Tengo autoridad para dar y desestimar órdenes; para confiscar propiedades; para levar ejércitos. Si decido utilizar vuestras propiedades como cuartel general, podéis estar seguro de que mis órdenes se acatarán mañana por la mañana. –Melios se aferró a su silla al oír las palabras de la baronesa. Temblaba de tal modo que Jo pensó que la sangre se le iba a derramar por la nariz y la boca.

Los guardias lo rodearon e intentaron agarrarlo cada uno por un brazo. El consejero se giró y golpeó a uno de ellos con tal violencia que le rompió la nariz; un chorro de sangre bañó el rostro del hombre.

—¡Quitadme las manos de encima! –aulló con los ojos saliéndosele de las órbitas. Melios apartó su silla de una patada y, haciendo caso omiso de todos los presentes, incluidos los guardias rodeó la mesa–. ¡Haré llegar este asunto al rey en persona! –gritó al alcanzar la puerta–. ¡En persona!

El hombre desapareció sin mediar otra palabra, dejando tras de sí un profundo silencio. El segundo guardia ayudaba a su compañero a caminar hacia la puerta, presionándole un pañuelo contra la nariz para contener la hemorragia.

—¿Creéis realmente que acudirá al rey? –inquirió lady Astwood con calma.

—Importa poco –respondió sir Graybow volviendo a su asiento, al igual que la baronesa–. La convocatoria de fuerzas dejará en descrédito cualquier historia que quiera inventar. Después de todo, nuestros mensajeros llevan tres días de delantera y, como parece que la magia no funciona, o lo hace de modo irregular, no podrá mandar un mensaje por esos medios.
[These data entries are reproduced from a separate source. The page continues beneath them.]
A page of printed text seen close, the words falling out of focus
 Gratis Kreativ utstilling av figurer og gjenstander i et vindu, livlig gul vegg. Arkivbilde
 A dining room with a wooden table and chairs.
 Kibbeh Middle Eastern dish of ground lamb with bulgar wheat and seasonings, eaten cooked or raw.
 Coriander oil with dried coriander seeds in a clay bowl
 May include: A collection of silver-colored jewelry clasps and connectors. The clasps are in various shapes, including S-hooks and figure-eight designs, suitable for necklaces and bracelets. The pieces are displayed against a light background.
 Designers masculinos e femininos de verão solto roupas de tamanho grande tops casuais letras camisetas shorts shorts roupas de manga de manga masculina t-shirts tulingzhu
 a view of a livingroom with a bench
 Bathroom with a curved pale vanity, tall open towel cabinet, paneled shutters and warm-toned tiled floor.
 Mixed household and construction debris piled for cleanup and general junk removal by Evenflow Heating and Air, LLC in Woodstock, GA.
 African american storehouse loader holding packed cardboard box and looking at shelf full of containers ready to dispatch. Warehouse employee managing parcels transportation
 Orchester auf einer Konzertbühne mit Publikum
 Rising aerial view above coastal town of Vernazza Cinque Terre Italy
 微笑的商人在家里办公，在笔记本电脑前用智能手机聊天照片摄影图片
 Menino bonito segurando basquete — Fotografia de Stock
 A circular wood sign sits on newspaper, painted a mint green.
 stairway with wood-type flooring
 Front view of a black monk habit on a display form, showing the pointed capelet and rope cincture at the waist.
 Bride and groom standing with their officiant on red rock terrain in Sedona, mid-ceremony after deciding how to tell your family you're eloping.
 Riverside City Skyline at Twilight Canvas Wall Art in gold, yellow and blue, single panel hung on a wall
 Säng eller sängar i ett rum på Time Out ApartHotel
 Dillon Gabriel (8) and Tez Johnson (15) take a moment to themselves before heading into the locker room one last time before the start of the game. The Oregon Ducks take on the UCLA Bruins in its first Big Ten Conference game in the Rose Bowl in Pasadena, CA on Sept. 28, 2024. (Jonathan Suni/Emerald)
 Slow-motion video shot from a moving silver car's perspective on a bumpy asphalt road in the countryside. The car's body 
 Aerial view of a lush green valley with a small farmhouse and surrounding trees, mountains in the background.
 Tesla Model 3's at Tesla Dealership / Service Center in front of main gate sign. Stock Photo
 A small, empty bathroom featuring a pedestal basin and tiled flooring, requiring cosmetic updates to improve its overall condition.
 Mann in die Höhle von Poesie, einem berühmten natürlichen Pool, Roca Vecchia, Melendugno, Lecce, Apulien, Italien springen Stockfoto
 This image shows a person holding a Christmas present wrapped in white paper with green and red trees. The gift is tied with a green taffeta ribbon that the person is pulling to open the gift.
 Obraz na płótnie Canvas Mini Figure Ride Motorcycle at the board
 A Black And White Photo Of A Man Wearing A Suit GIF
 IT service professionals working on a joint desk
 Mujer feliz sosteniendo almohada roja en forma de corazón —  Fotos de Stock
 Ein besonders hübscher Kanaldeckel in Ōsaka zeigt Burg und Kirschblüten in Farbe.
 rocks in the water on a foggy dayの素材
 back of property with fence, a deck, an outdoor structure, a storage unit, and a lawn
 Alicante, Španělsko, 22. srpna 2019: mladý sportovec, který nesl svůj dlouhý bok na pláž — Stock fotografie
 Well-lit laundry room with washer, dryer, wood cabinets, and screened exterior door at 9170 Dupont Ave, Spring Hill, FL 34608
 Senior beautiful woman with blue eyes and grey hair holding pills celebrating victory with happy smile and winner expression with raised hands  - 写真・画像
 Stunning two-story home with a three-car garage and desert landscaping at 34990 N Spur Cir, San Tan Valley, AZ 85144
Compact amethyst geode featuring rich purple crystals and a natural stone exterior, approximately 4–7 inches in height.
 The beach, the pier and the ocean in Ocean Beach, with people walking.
—¡Y por ello debemos actuar con rapidez! –imploró Jo, adelantándose para dirigirse a la baronesa–. Ya tenéis informes que hablan de abelaat que atacan pueblos y aprisionan a la gente. A vuestra gente. Si…

—Escudero Menhir –la interrumpió la baronesa Arteris–, no pretendáis chantajearme con argumentos sobre mi gente. Es por ellos que he decidido reunir un ejército para defender las ciudades que todavía no están sitiadas, en lugar de atacar Armstead directamente.

—¿Qué…? ¡Pero si ya sabéis que los abelaat están entrando! ¡Si no los detenemos en la puerta conquistarán el ducado!